Novel on Yellow Paper Analysis

This is an interesting novel, perhaps mostly for this reason: Stevie Smith didn't want to write it, really. What happened was that she wrote a collection of poems, and when she took them to her publisher, they asked her to please write a novel instead, and she wrote Novel on Yellow. Pompey's decision to write on yellow paper is similar to Smith's own switch from poetry to prose.

And how does Smith spend her novel? In the satirical, sarcastic mind of a highly intelligent, annoyed young girl who feels the grasp of the world closing in around her. When Pompey travels to Germany, the verdict is that whatever she was hoping to find there by visiting her friend "Karl," she didn't find it, and she was almost disturbed by German life. Perhaps this is a social commentary on the effects of Marxism in Germany, since the name of the friend is Karl.

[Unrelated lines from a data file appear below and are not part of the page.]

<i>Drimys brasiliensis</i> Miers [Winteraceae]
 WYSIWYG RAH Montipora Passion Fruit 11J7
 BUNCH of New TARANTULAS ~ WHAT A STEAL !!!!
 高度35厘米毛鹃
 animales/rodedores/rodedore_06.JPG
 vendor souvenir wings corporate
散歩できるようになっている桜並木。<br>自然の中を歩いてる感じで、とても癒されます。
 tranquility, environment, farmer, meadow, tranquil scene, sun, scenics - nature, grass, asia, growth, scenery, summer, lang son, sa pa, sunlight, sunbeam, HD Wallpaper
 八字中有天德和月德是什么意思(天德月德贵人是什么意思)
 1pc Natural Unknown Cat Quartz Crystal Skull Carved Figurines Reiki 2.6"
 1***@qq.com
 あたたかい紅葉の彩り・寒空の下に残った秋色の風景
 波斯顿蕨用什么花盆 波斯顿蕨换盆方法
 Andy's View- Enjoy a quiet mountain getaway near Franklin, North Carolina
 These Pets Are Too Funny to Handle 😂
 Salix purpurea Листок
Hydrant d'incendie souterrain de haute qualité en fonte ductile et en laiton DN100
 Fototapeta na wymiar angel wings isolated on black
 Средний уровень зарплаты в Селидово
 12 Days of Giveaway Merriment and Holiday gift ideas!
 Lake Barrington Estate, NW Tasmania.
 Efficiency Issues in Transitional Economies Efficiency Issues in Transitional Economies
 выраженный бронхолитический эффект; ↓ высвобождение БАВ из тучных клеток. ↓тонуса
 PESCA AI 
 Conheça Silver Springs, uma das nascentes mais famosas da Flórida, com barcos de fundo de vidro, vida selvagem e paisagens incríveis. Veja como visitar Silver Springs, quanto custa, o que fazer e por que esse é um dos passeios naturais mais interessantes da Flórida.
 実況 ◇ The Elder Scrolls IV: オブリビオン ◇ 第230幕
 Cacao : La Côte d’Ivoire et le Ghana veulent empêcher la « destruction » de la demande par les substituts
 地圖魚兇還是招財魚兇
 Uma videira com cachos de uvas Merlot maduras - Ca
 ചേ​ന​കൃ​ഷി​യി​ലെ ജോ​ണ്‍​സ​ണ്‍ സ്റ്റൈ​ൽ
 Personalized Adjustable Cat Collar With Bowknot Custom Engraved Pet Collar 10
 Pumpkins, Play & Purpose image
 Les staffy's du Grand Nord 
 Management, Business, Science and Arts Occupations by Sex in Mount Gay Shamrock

Then, the criticism becomes less about politics and more about gender roles. When she accidentally says yes to marrying Freddy, having decided to say no, there's a sense in which she just got caught up in serving his expectations, doing what was expected of her. This is a clever way of drawing the readers attention to all the expectations that are placed on young women, and the role they are asked to play by sacrificing their will to augment a young man's self-esteem (in Pompey's opinion).

In either case, the novel ends up being about a woman whose life seems crowded and foggy from all the various ideas and assumptions in her culture that she does not agree with, but which are out of her control.